The song Dancing in the Streets, performed by Martha and the Vandellas, can be and has been interpreted as a protest song; a call to action for those witnessing the Civil Rights movement happening all around them.

1963, the year before Dancing in the Streets was released, saw many of the major events in the history of civil rights unfold.
Medgar Evers, leader of the NAACP, was assassinated outside his home.
•There were race riots in Cambridge, Maryland.
Alabama governor George Wallace denied two black students' admittance to the University of Alabama. The Federal government later decreed that the students were to be admitted.
•On September 15 four girls were killed when the Sixteeth St. Baptist Church in Birmingham, AL was bombed. Spike Lee has made a documentary, Four Little Girls, which is centered around this event.
Birmingham, Alabama hosted a mass demonstration at which Dr. Martin Luther King, Jr. was arrested. Fire hoses and police dogs were used as weapons against the demonstrators. While incarcerated, Dr. King wrote his famous quote: "Justice delayed too long is justice denied."
•250,000 people participated in the March On Washington.

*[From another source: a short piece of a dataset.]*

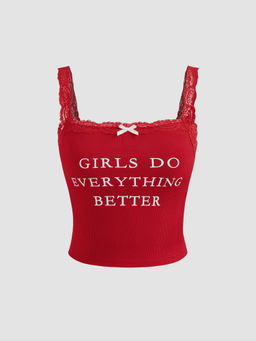 Cider - Girls Do Everything Better Square Neck Bowknot Lace Trim Crop Cami Top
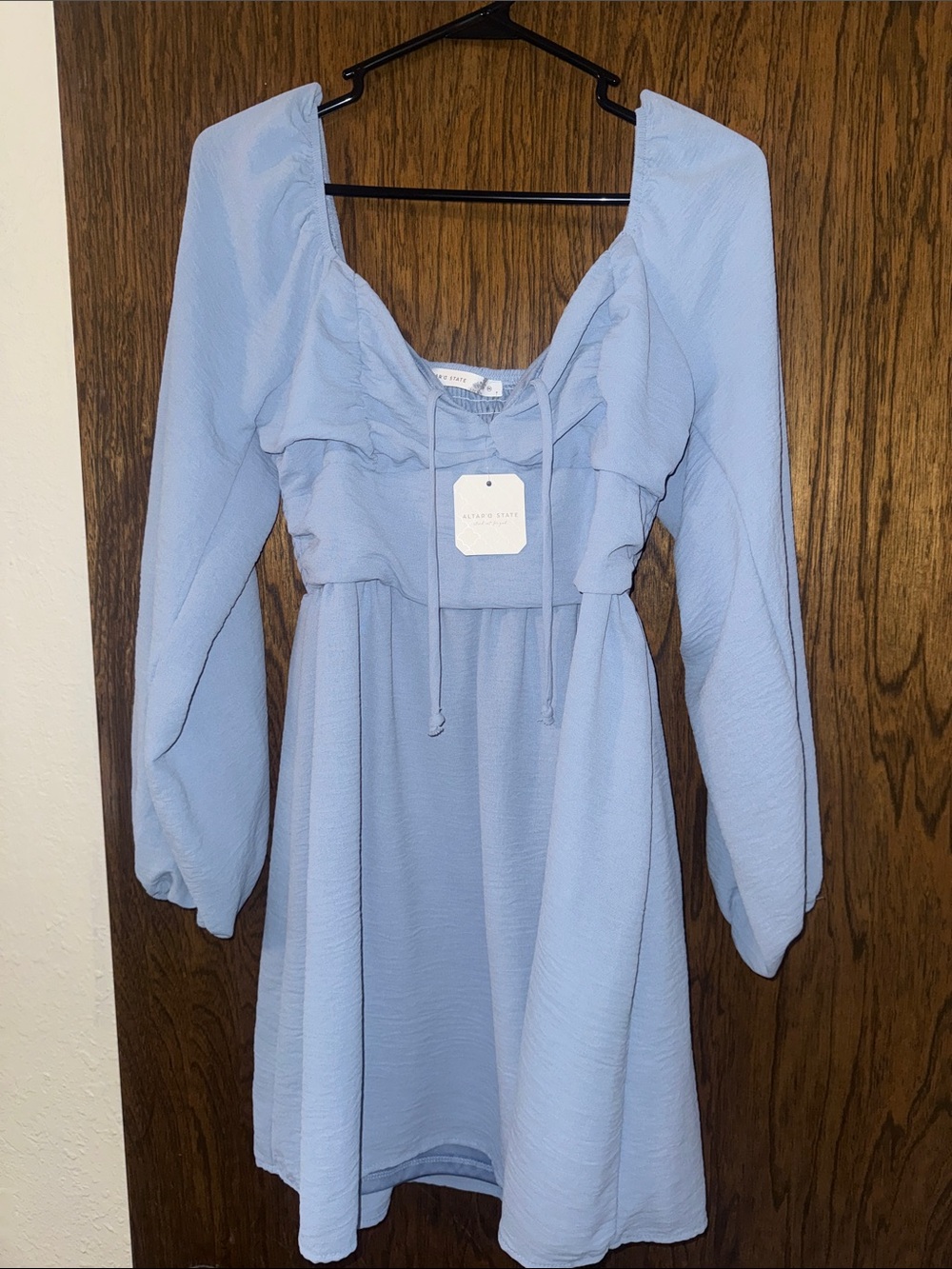 Astr Light Blue Long Sleeve Altard state dress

Dr. King delivered his "I Have A Dream" speech there.

The lyrics of Dancing in the Streets call the listener out, to take the streets in protest of institutional racism.
"An invitation across the nation", "a chance for folks to meet", to come together and organize against racism and a racist power structure. Unity among classes, creeds and categories; "...it doesn't matter what you wear, just as long as you are there." It's a global movement; "...everywhere around the world". Hope for the realization of a new, more just order; "...a brand new beat".

The brilliance, of course, is that this call to protest is wrapped up in the idiom of the danceable, Motown pop song. Radio friendly revolution.

Dancing in the Streets is also featured as a favorite song of the anti-fascist vigilante V in Alan Moore's graphic novel "V for Vendetta".